Dalam presentasinya yang bertajuk “Evidence Based Pengendalian Kebakaran Hutan dan Lahan”, ia memaparkan kondisi mengkhawatirkan kebakaran global. Mengutip pernyataan Direktur Divisi Kehutanan Lembaga Pangan dan Pertanian Dunia (Food and Agriculture Organization/FAO), bahwa luas karhutla mencapai 300 juta hektare, sehingga merupakan angka yang sangat mengejutkan.
Menteri Lingkungan Hidup dan Kehutanan saat itu telah melaporkan kepada Konvensi Kerangka Kerja Perserikatan Bangsa-Bangsa tentang Perubahan Iklim (United Nations Framework Convention on Climate Change/UNFCCC) pada tahun 2022. Bahwa emisi gas rumah kaca (GRK) dari kebakaran gambut merupakan salah satu kontributor penting emisi yang dihasilkan dari Penggunaan Lahan, Perubahan Penggunaan Lahan, dan Kehutanan (Land Use, Land-Use Change, and Forestry/LULUCF) yang mencapai 50,13 persen.

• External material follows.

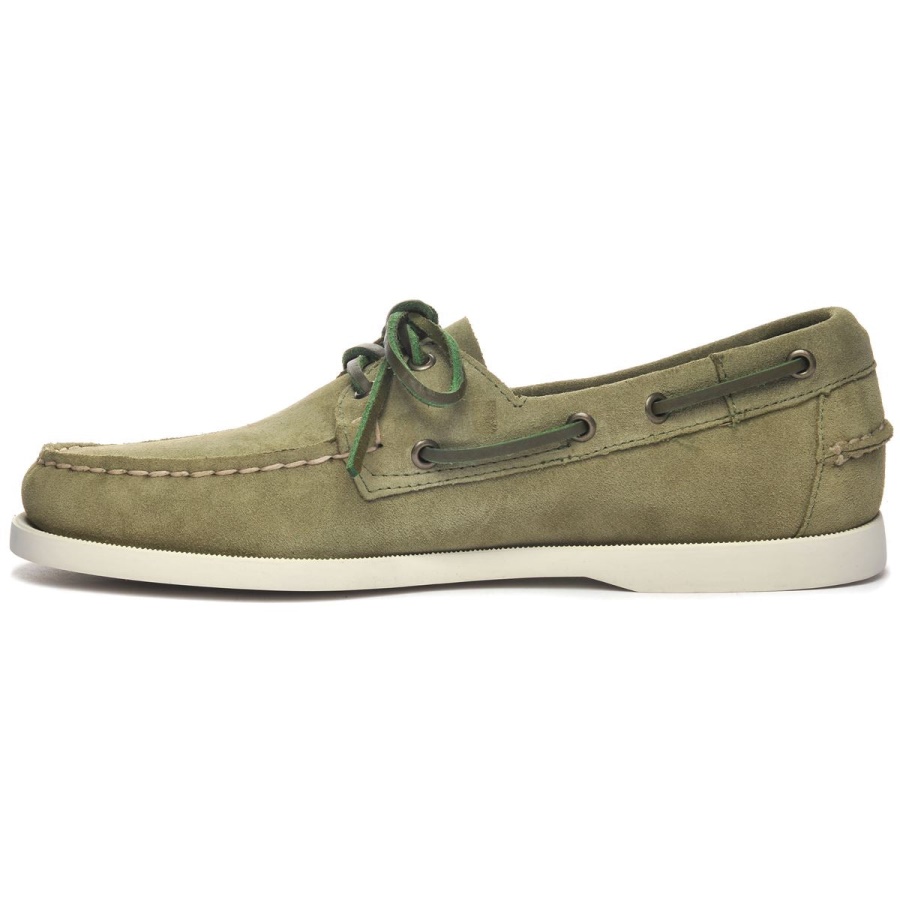 Sebago Australia Portland Roughout-Forest Green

Baca juga: Hasil Tinjauan BNPB, Kebakaran Lahan dan Hutan Terjadi di Seluruh Wilayah Riau
“Karena itu, pengendalian karhutla harus serius dilakukan,” kata Bambang di hadapan 300 peserta Rapat Kerja Teknis Pengendalian Kebakaran Hutan Tahun 2025 yang diselenggarakan Direktorat Pengendalian Kebakaran Hutan, Direktorat Jenderal Penegakan Hukum, Kementerian Kehutanan beberapa waktu lalu.
Terlebih, situasi semakin menantang pada masa depan. Berdasarkan laporan United Nations Environment Programme (UNEP) tahun 2022, extreme fires diprediksi akan meningkat 14 persen pada tahun 2030, 30 persen pada tahun 2050, dan 50 persen pada tahun 2100.